* REQUIRED ACTION:
Using the data below, print exactly the line with "CALVIN KLEIN &mdash; YM0YM01435", the line with "verticale-gruaud-larose-oct25", and every line between them, but none of the pictures.

* EXERCISE DATA:
::::::::::

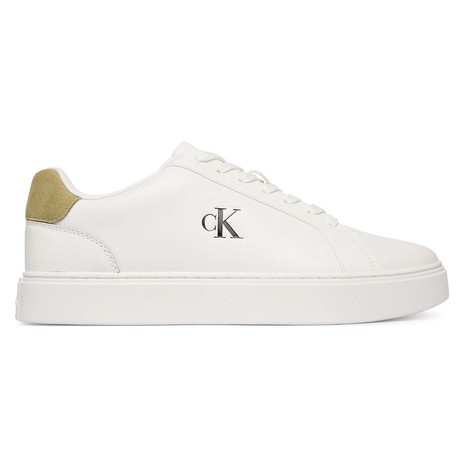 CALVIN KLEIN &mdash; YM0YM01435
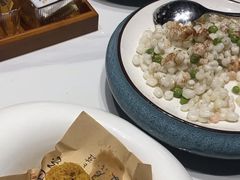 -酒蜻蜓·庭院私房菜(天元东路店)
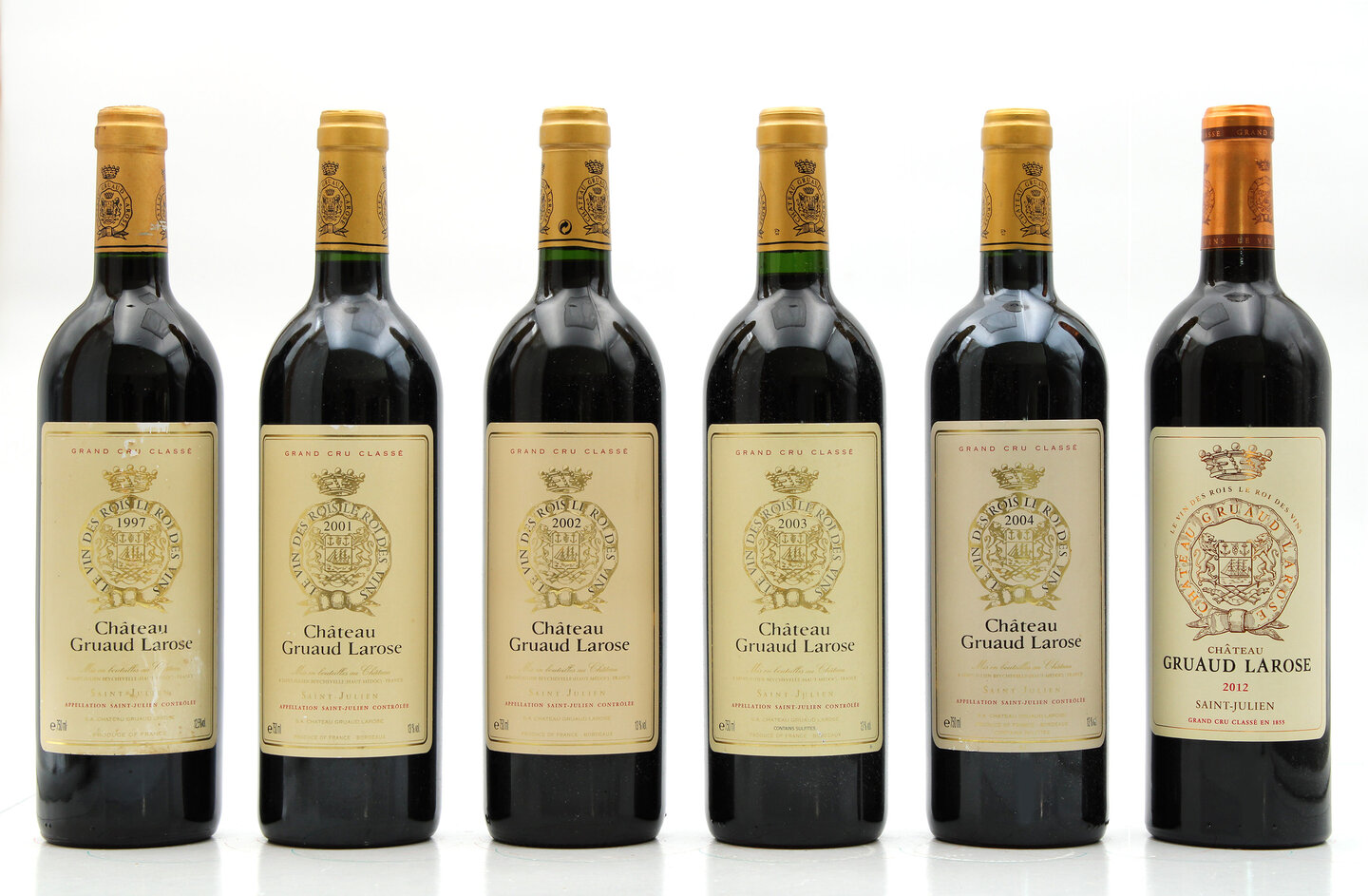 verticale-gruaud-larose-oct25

::::::::::

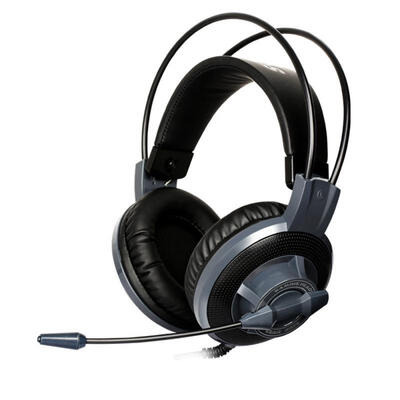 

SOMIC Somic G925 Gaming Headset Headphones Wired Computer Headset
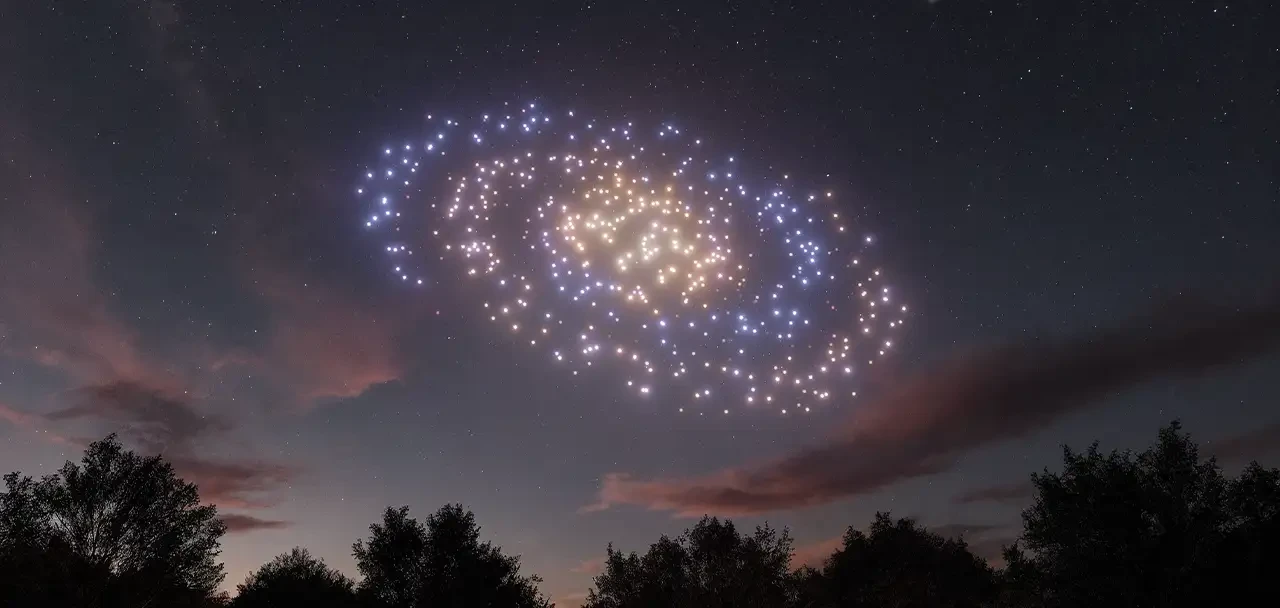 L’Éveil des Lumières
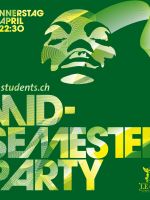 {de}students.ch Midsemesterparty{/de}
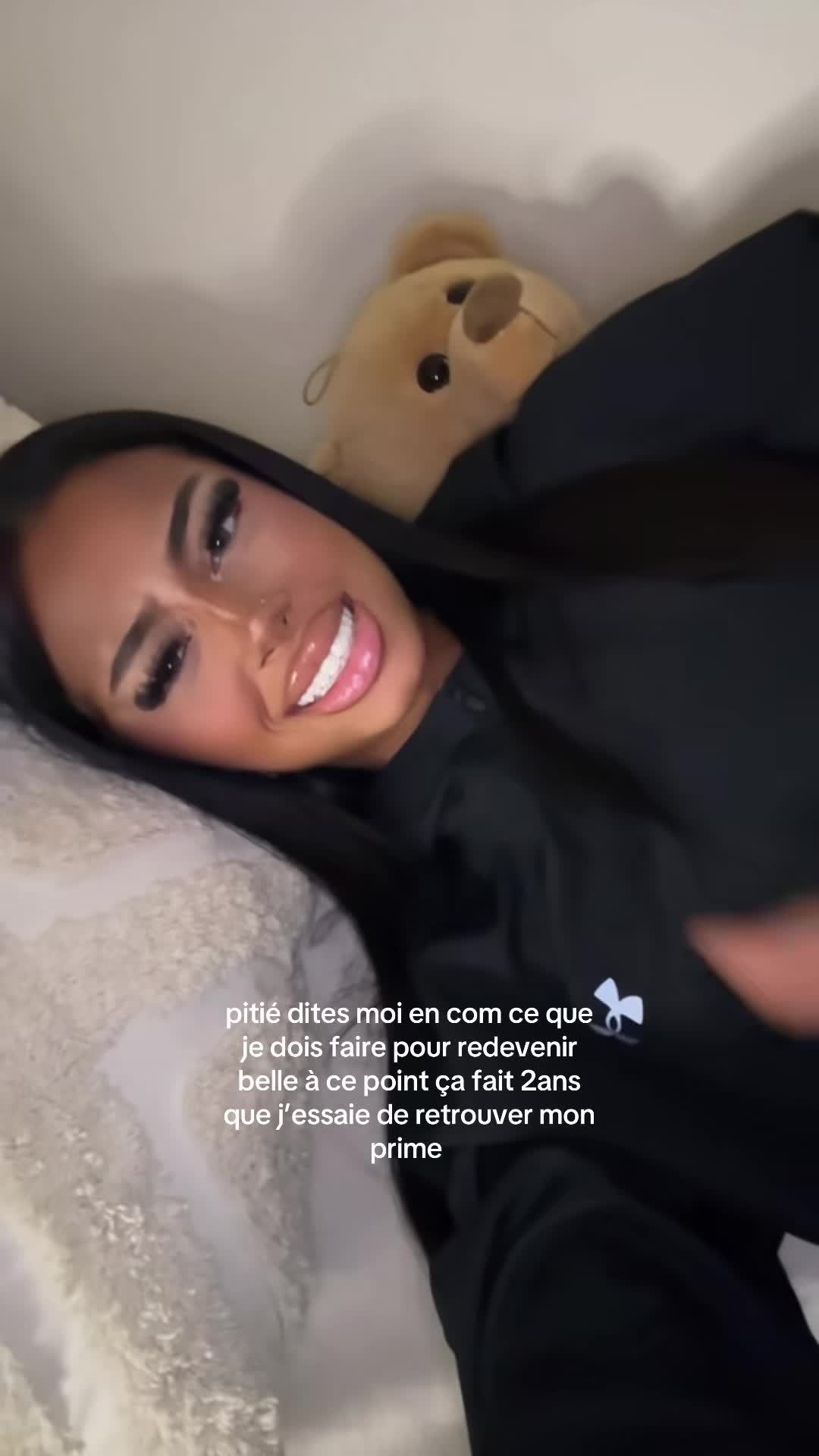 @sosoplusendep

::::::::::

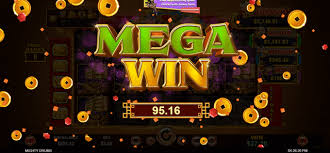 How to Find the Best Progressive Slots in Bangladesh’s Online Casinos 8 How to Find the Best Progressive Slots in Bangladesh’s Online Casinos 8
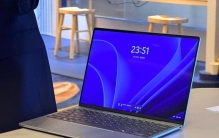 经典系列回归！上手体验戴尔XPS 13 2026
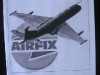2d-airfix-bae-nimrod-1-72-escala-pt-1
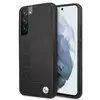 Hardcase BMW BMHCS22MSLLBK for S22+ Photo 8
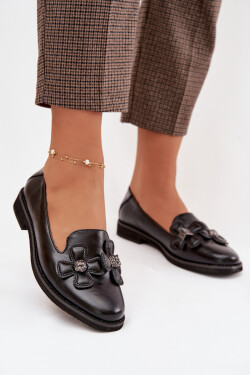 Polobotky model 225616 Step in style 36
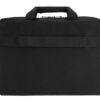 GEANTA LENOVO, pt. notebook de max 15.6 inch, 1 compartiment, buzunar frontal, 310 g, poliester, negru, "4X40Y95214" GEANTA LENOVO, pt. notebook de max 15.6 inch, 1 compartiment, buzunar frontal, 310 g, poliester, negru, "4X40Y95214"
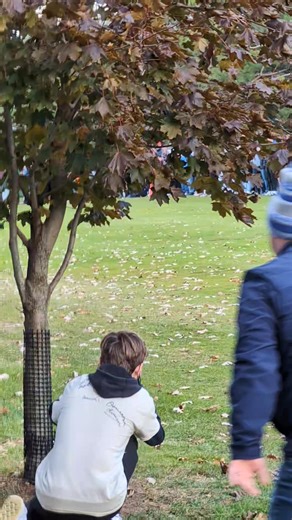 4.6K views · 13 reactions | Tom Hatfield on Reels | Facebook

::::::::::

* YOUR SOLUTION:
 CALVIN KLEIN &mdash; YM0YM01435
 -酒蜻蜓·庭院私房菜(天元东路店)
 verticale-gruaud-larose-oct25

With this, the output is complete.